Episode 40 kicks off with a balance sheet breakdown — leverage, Fed liquidity, and Q3 earnings projections of $10 EPS. The crew explores log fractals and cycle alignment for Bitcoin, position sizing from Nvidia to MSTR rotation, and the growing mNAV gap. Topics include the “Bad Bond of the Week” segment on Hertz, miner leverage via energy contracts, the HPC AI shift in mining, and the emerging wave of Bitcoin buybacks from companies like Sequins and Empory Digital. Market context: MSTR closed at $338.41 with mNAV at ~1.47.
Market Snapshot
- Date: 10/01/25
- MSTR Open/Close: $332.47 / $338.41
- Volume: 13,994,830 shares
- mNAV: ~1.47
- Market Cap: ~$97.16B
- BTC Held: 640,031
Chapters
- 00:00:00 — Cue the music: episode 40 agenda
- 00:07:02 — Q3 Earnings & Tax Impact: $10 EPS, AMT guidance clears risk
- 00:09:11 — Bullish Macro Setup: Log fractals and cycle alignment bullish for BTC
- 00:14:08 — Cycle Cloud Framework: Using volatility-adjusted trends to map BTC moves
- 00:18:03 — Position Sizing Strategy: Nvidia to MSTR rotation example
- 00:21:19 — Market Multiples & MNAV Gap: Comparing Apploven and MSTR value
- 00:24:08 — Bitcoin Validation vs Legitimization: Market slow to accept BTC metrics
- 00:25:59 — Equity Issuance & MNAV: Capital structure insights from Buffett
- 00:36:33 — Bad Bond of the Week: Hertz 2029 bond, 10% yield, high distress
- 00:42:20 — Miner Leverage & Energy Upside: Asymmetric plays via energy contracts
- 00:45:08 — HPC AI Shift in Mining: Pivot from mining to compute centers
- 00:51:13 — Energy Risk & Innovation: AI compute demand vs energy supply
- 00:54:28 — Options Strategy for Miners: Call spreads on IBIT vs miners
- 00:59:20 — Efficient Frontier & Bitcoin: Time horizon reshapes risk/reward
- 01:03:04 — Miner Capital Rotation: Navigating hype vs fundamentals
- 01:07:37 — Adrian & Mason: Final thoughts on broken money
- 01:16:12 — Mining True North: Finding opportunities as a hedge fund and beating the hurdle rate
- 01:20:09 — Bitcoin vs Gold: Scale, upside, and time horizon
- 01:23:06 — Cross-Gen Communication: Educating on Bitcoin income products
- 01:32:51 — Advisor Adoption Lag: Compliance vs product performance
- 01:40:08 — Bitcoin Buybacks Begin: Sequins, Empory Digital, and mNAV defense
- 01:48:14 — Detaching Emotion: Rational thesis-driven investing
- 01:52:12 — Retail Access Shift: STRC on Robinhood and tokenized stocks
- 02:00:56 — Final Thoughts: The great reset
Episode Summary
Key Themes: Uptober; Strategy balance sheet; digital credit; Bitcoin supercycle; valuation disconnect; S&P 500; miners and energy; market structure.
Balance Sheet Strength
Episode 40 opens with a strongly bullish tone, with the group treating the start of October as a potentially important inflection point for Bitcoin, Strategy, and the broader Bitcoin security landscape.

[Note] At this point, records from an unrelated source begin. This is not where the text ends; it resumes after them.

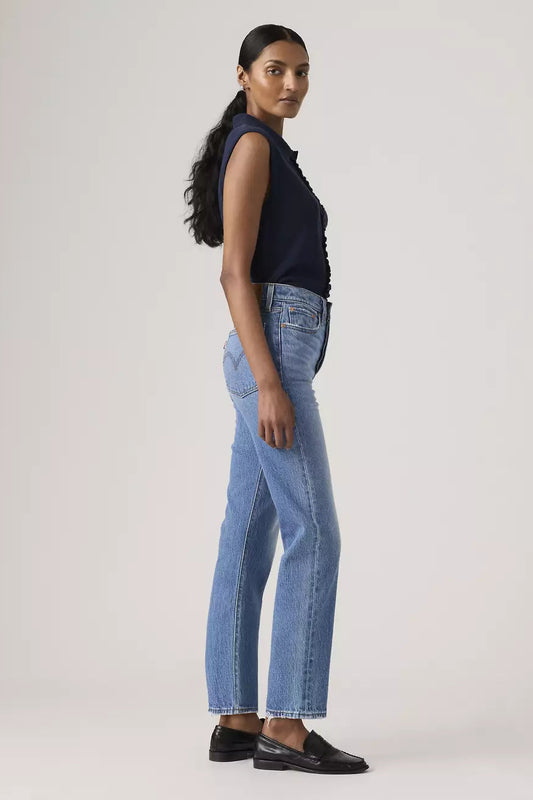 Levi´s Wedgie straight - Dance around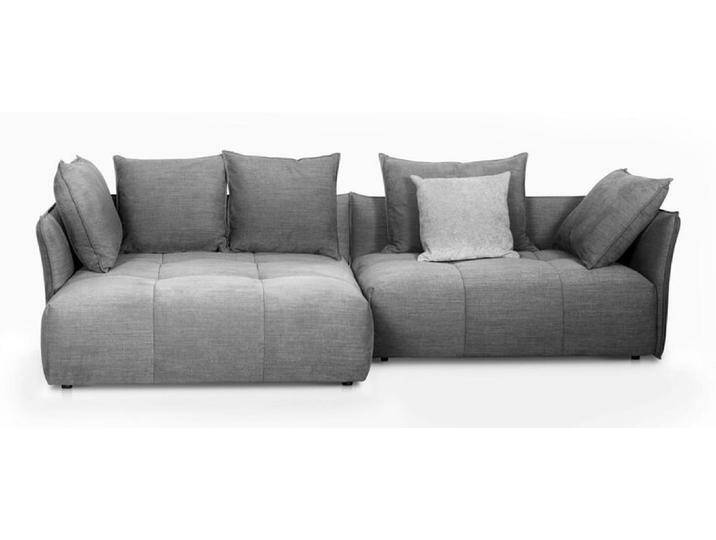 Ecksofa PLACE158 x 316 cm dunkelgrau von porta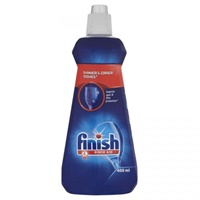 Click here for more details of the Finish Shine & Dry Rinse Aid 400ml - 10021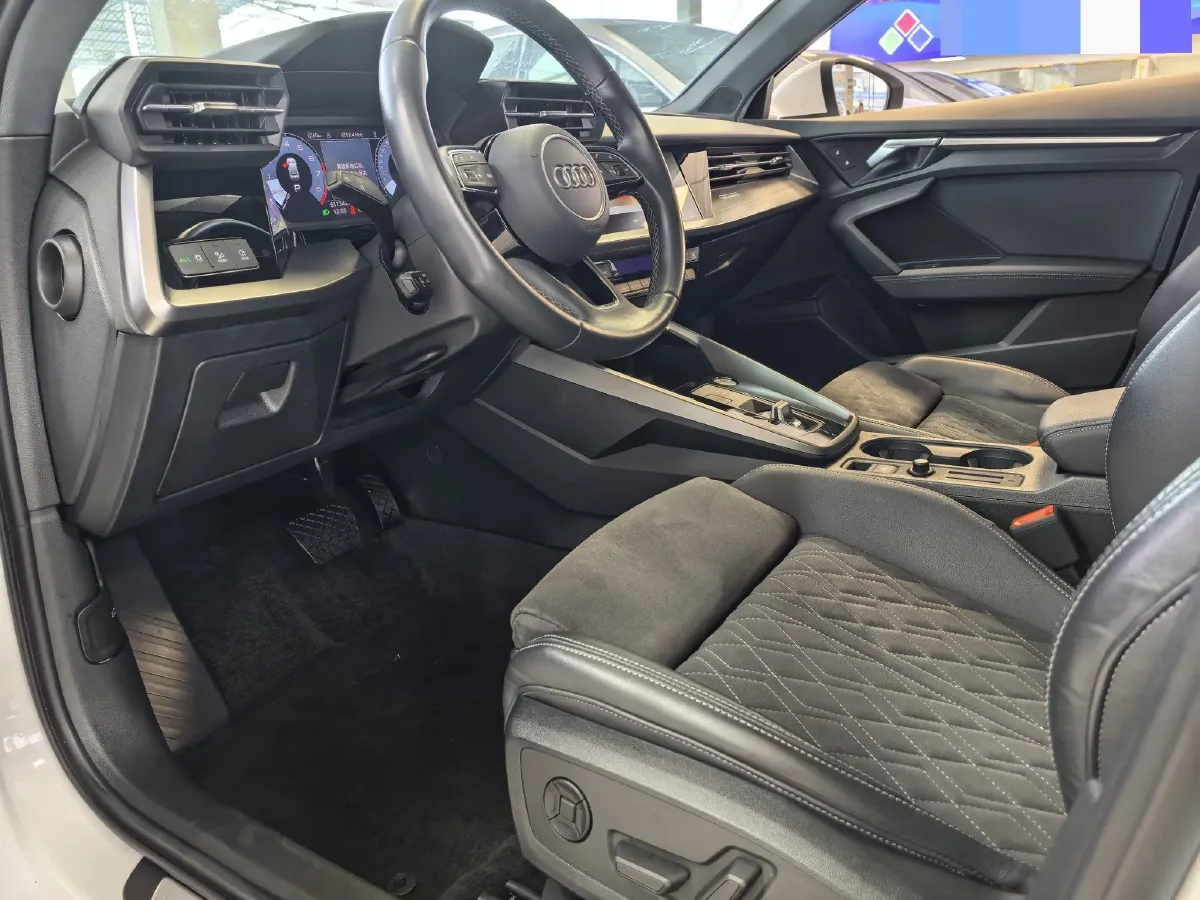 2022 Audi A3 1.4T 150HP L4 7DCT,autocango,china used car exporter,china ev exporter,chinese used car exporter,chinese used ev exporter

Jeff walks through the numbers to show that with roughly 640,000 Bitcoin worth around $76 billion, about $8.2 billion of debt, and roughly $6.5 billion of preferred stock, the company still has an enormous equity cushion. He notes that Bitcoin would need to fall dramatically — toward roughly $23,000 and remain there for an extended period — before Strategy’s liabilities became a serious issue. Recent concerns around the corporate alternative minimum tax appear to have faded, removing one piece of FUD tied to the idea that Strategy might someday need to sell Bitcoin to cover tax obligations on unrealized gains.
Macro Setup
Dan Hillery and Dan O argue that conditions look unusually favorable for Bitcoin: equities are strong, copper is breaking out, gold has already had a major move, sentiment still is not euphoric, and the dollar appears to be in a larger structural decline. Jeff describes a possible long-term downtrend in the dollar that, if it continues, could help fuel a Bitcoin supercycle. Their discussion of fractals, seasonality, and prior cycle patterns supports the idea that Bitcoin can move much faster than most people expect once momentum returns.
Portfolio Construction
Jeff points out how quickly Bitcoin and MSTR can reverse higher after weak hands get shaken out, which makes trying to trade in and out especially dangerous. Dan Hillery adds that position sizing is one of the most overlooked aspects of investing: the key question is not only what assets are attractive, but how much capital belongs in each. The group’s broader message is that if Bitcoin is entering a different structural phase, investors need to think more carefully about time horizon, allocation, and leverage.
Valuation Disconnect
Jeff compares Strategy to AppLovin and points to what he sees as a major disconnect: AppLovin trades at a far richer valuation and has benefited from S&P 500 inclusion momentum, while MSTR, despite its large Bitcoin position, is still often labeled overvalued. Adrian’s view is that Bitcoin has been validated but not yet fully legitimized by the market. The real re-rating comes only when Bitcoin-based earnings and Bitcoin treasury models are accepted as normal by mainstream capital markets.
Digital Credit
Jeff introduces a “bad bond of the week” comparison by contrasting a Hertz high-yield bond with Strategy’s preferreds. His argument is that traditional credit markets are full of bonds from weaker businesses with poor liquidity, weak balance sheets, and lower yields than Strategy’s preferred products. By contrast, he presents Strategy’s preferred stack as digital credit with stronger collateral, better long-term economics, and a more attractive risk-reward profile because it sits on top of a large Bitcoin balance sheet.
Miners and Energy
Dan Hillery and Dan O say they are looking at certain U.S. miners not just as Bitcoin beta, but as levered plays on power scarcity and AI-driven energy demand. If Bitcoin rises sharply while data centers continue competing for electricity, miners with valuable energy contracts or compute optionality could benefit significantly. Bitcoin’s next phase is not only about the asset itself, but about the growing ecosystem of securities, energy infrastructure, and digital credit forming around it.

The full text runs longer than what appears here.